Cerebriform like appearance and milia-like cysts

Dermoscopical Features (dermatoscopy) (For Professionals)

– Hairpin vessels are long capillary rings which develop at the periphery of keratinising tumours {Kreusch, 1996}. Typically, many vessels bunch together and are surrounded with a white halo, thus giving a grape-like appearance {Braun, 2002}. This characteristic is more frequent in irritated SKs {Braun, 2002; Braun, 2002} {Stolz, 2002}. This sign is not specific, as melanomas can also display hairpin vessels.

– Network-like pattern and fingerprinting : it doesn’t always resemble the pigmented network of benign melancytic lesions, which consist of grid-like {Menzies, 1996; Argenziano, 1998; Argenziano, 2000 ; Soyer, 2000; Kenet, 1993; Kreusch, 1991} {Stolz, 2002; Yadav, 1993} hyperpigmented lines surrounding hypopigmented zones. The lines of the network-like structures are much larger than those in the typical pigment network and may end abruptly at the periphery {Braun, 2002}. {Braun, 2002}The lines correspond to mild epidermal hyperplasia, hyperkeratosis and an increase of melanin in the keratinocytes {Schiffner, 2000}. The holes, which are much larger than in the melanocytic grid-like network, often correspond, as with fissures and comedo-like openings, to keratin-filled structures, not always to the tips of dermal papillae {Schiffner, 2000}.

Network-like pattern and milia-like cysts

– Moth-eaten borders {Schiffner, 2000} are truncated irregular borders seen in early SKs and solar lentigos.

– Wobble pattern {Braun, 2002}. On examining a skin lesion,  it has been noticed that SK {Braun, 2000} adheres to the dermatoscope when the device is slightly moved horizontally and parallel to the skin surface. Moreover SKs have such a solid consistency that its image on the dermatoscope doesn’t change when the dermatoscope is moved.

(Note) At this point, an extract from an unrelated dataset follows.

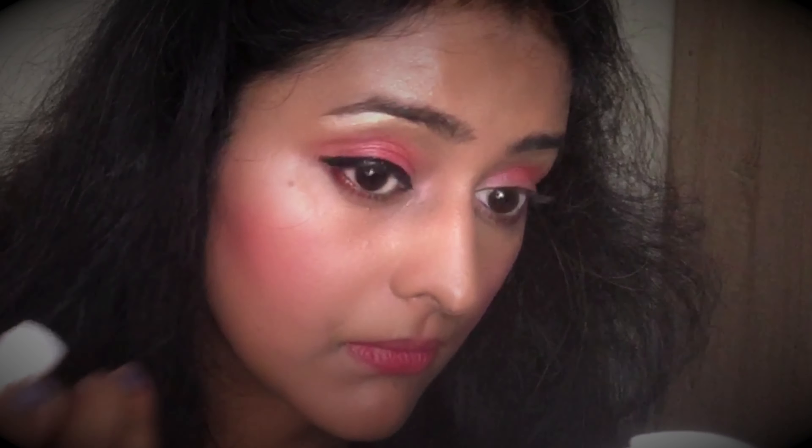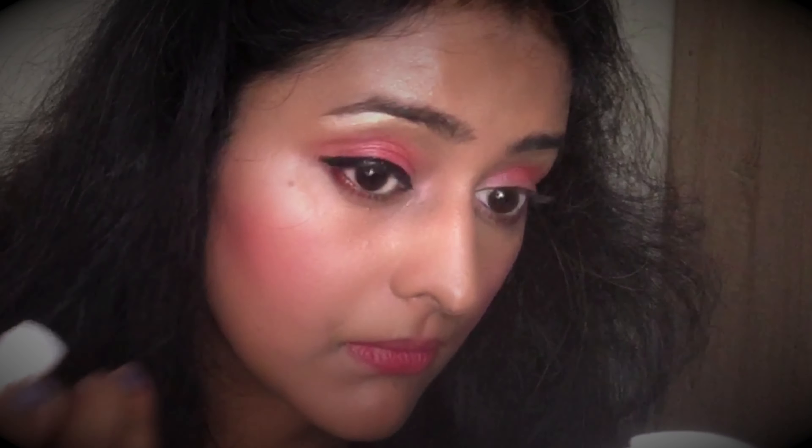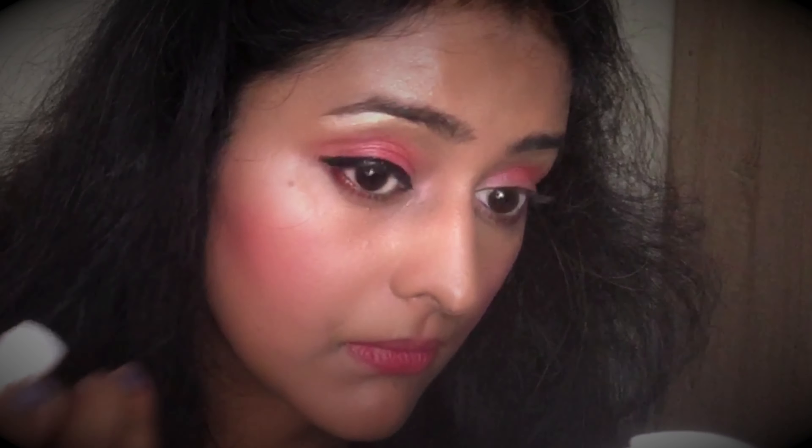I'm going to set my makeup using this makeup fixer from Blue Heaven — just a little bit of it. To outline my eyes, I'm using a liquid eyeliner. You can go for a gel or liquid eyeliner. Avoid kajal if possible because kajal can melt due to heat and make your eyes look burnt. I'm going to use this one from My Glam.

– Sharp dermarcation {Braun, 2002} is present in nearly 90% of lesions in a study of 204 pigmented SKs .

Well delineated lesion with moth eaten borders, milia-like cysts and comedo-like openings.

– Some characteristics are more frequent than others. According to one study {Braun, 2002} of 203 pigmented SKs, the most frequently found lesions were milia-like cysts (135) and comedo-like openings (144 lesions), followed by hairpin vessels and fissures. 183 lesions were sharply demarcated. Nevertheless, the weakness of this study is that it aims pigmented SKs, not seborrheic keratosis as a whole. That means that the 94 network-like structures found are an overestimated figure.

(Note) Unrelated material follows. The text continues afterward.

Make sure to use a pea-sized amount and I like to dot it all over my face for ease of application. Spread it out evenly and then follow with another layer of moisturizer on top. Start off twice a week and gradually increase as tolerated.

According to our experience we evaluated the frequency of characteristics. The lesions were shown to us after being clinically diagnosed by clinicians as SK. The three most specific criteria for diagnosing SKs were sharp delineation, milia-like cysts and comedo-like openings. The presence of these three characteristics together is very specific. It diminishes in diagnostic power when one of these three features is absent.

Differential Diagnosis on dermoscopy

Differentiation between SK and melanoma is difficult in some cases when examined with a dermatoscope.

A retrospective study shows that out of 9204 cases clinically suggestive of SK, 61 (0,66%) turned out to be melanomas {Izikson, 2002}even though the differential diagnosis of melanoma had been evocated. More intriguing was the fact than in three of these 61 cases, seborrheic keratosis was the only suspected clinical diagnosis.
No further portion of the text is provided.